Disabling CET (<CetCompat>false</CetCompat>) stops the crash completely (confirmed by a 2+ hour soak — see below), which strongly implicates CET hardware shadow-stack enforcement colliding with the GC's return-address hijack.

Frequency / Severity

  • Reproduces every ~8–80 minutes of runtime. Fatal (process dies); no managed handler can intercept.
  • Reproduced across two different builds of the app and two render modes (GPU/ANGLE and CPU/software) — 3 captured dumps total.

StressLog — the fatal sequence (representative; identical shape in all 3 dumps)

<tid> <ts> : SYNC   Stopped in Jitted code at pc=...  sp=...  fullyInt=0
<tid> <ts> : SYNC   Hijacking return address ...  for thread ...
<tid> <ts> : CORDB  D::HFE: About to call LogFatalError            <-- FATAL
<tid> <ts> : EH     SetLastThrownObject: obj=... (ExecutionEngineException)
<tid> <ts> : CORDB  D::RFFE: About to call RaiseFailFastException  <-- FAIL-FAST
<tid> <ts> : SYNC   Thread::SuspendAllThreads() - Success
  • Exactly one fatal event per crash.
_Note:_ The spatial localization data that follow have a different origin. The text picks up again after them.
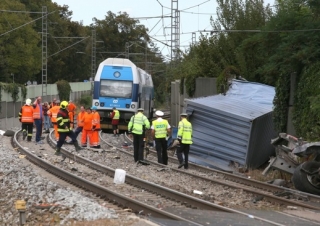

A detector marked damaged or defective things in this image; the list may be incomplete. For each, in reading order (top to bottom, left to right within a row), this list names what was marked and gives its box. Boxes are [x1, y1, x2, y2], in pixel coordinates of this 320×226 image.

overturned truck trailer [264, 133, 320, 195]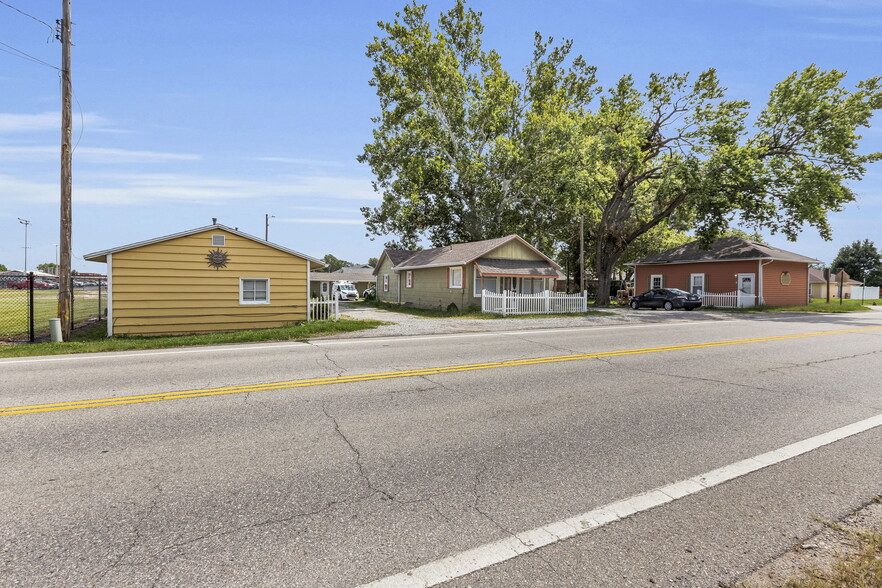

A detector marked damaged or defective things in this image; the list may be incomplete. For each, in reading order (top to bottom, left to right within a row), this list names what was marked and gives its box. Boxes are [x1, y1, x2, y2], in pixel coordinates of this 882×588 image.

cracked asphalt road [1, 312, 880, 584]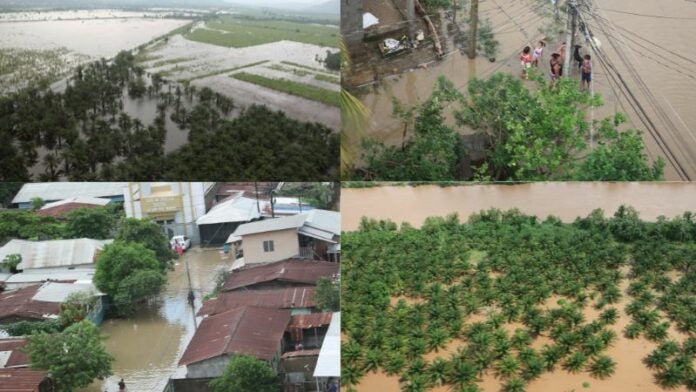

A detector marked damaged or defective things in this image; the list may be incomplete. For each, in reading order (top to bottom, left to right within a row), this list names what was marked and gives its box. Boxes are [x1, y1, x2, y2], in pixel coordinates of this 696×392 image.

rusty metal roof [222, 260, 338, 290]
rusty metal roof [0, 284, 60, 322]
rusty metal roof [196, 286, 316, 316]
rusty metal roof [179, 304, 290, 366]
rusty metal roof [286, 314, 334, 330]
rusty metal roof [0, 338, 29, 370]
rusty metal roof [0, 370, 49, 390]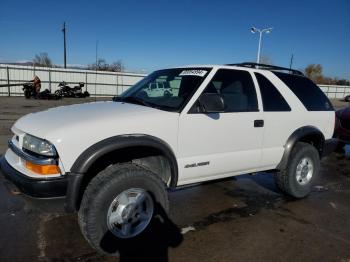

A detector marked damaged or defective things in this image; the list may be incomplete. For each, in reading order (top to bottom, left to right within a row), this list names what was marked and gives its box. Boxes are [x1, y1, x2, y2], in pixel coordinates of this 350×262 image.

cracked asphalt [0, 97, 350, 260]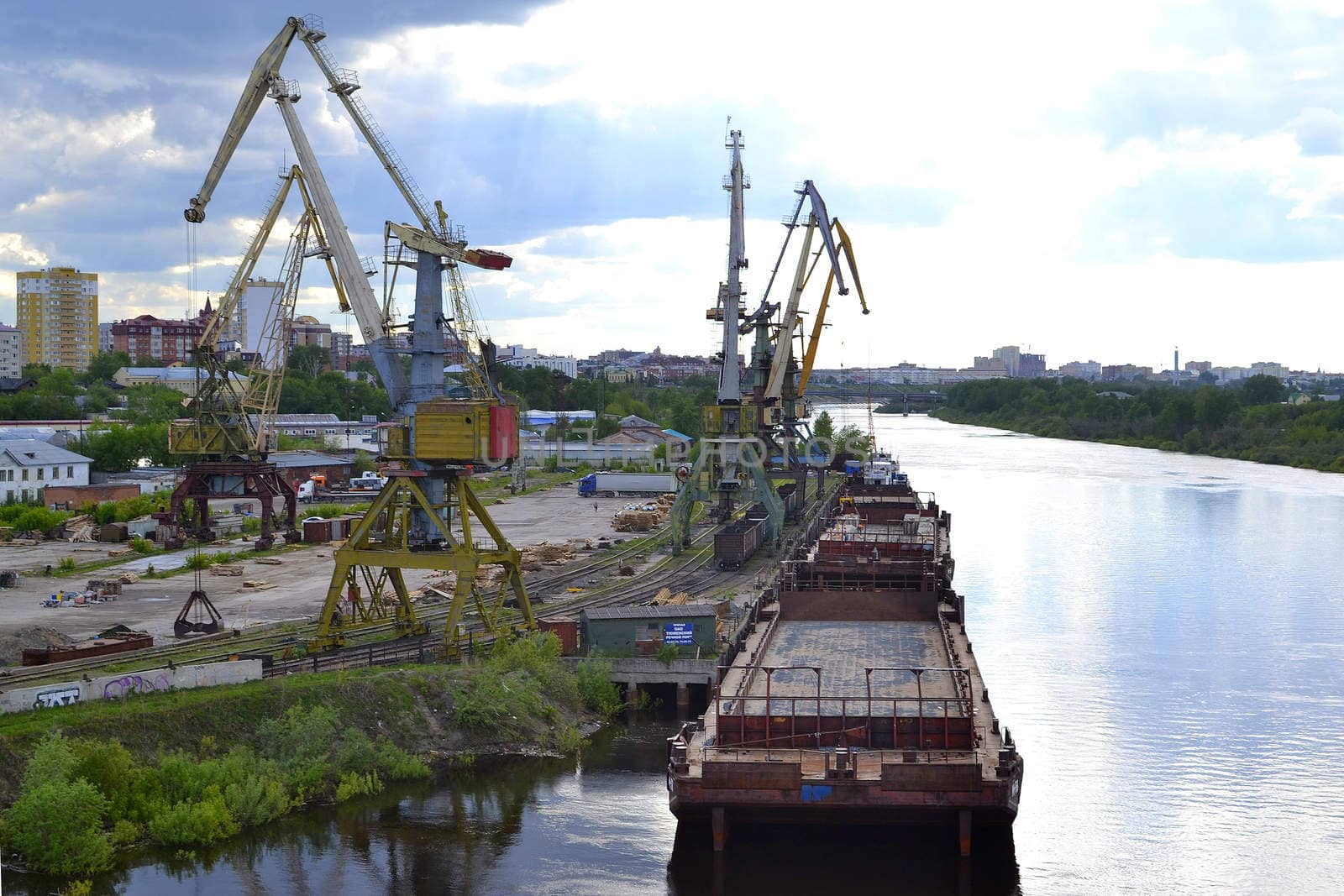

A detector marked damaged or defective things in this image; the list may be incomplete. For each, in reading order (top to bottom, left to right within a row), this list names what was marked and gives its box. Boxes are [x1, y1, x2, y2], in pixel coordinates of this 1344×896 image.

rusty barge hull [666, 480, 1021, 854]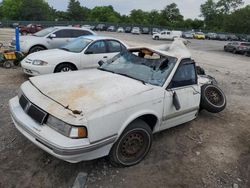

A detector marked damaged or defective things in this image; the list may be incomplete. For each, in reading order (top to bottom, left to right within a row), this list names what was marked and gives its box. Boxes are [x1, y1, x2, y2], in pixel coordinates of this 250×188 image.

wrecked white sedan [8, 40, 227, 167]
shattered windshield [99, 49, 178, 86]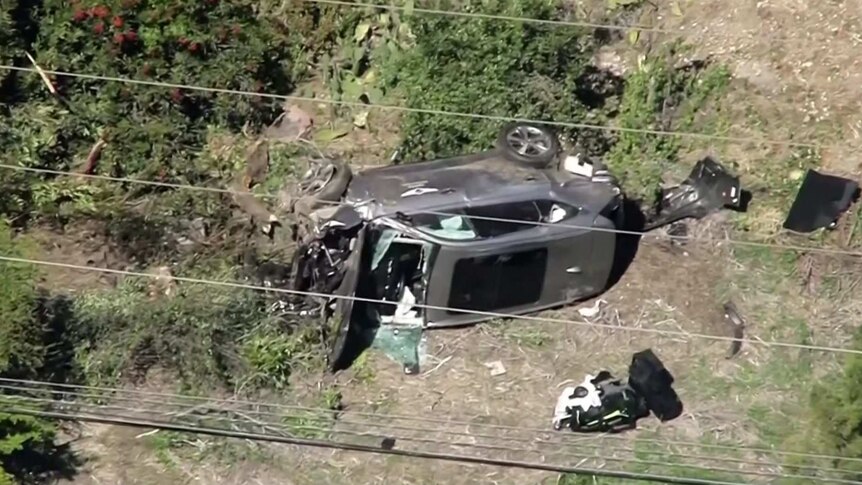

Thrown object is the System.ExecutionEngineException singleton (same MethodTable across all 3 crashes), _message=null, HResult=0x80131506, exception code 0xE0434352 → runtime-raised, not a managed throw.
  • At every SuspendAllThreads (including the fatal one), the main UI thread shows Scanning Frameless method IL_STUB_PInvoke(MSG ByRef) — i.e. it is parked in the Win32 GetMessage/DispatchMessage(MSG) P/Invoke and being root-scanned.
  • The thread being hijacked at the fatal moment varies by crash and is doing ordinary work:
    • Crash A: main UI thread mid-Measure (layout).
    • Crash B: a non-main thread.
    • Crash C: a thread inside System.DateTimeOffset.ValidateOffset / ..ctorpure CoreLib, no app/render frames (a periodic timer's timestamp path).
  • The GC at the fatal point is routine: e.g. Crash C was BEGINGC ... requested generation = 1 — an ordinary periodic gen-1, ~1 GC / 4 s, ~35 MB heap.

Minimal characterization of the invariant

During a routine GC, while the main UI thread is suspended inside the Win32 DispatchMessage(MSG) P/Invoke frame being root-scanned, the runtime hijacks the return address of another thread stopped at a fullyInt=0 JIT point and immediately enters Debugger::HandleFatalError → raises ExecutionEngineExceptionRaiseFailFastException.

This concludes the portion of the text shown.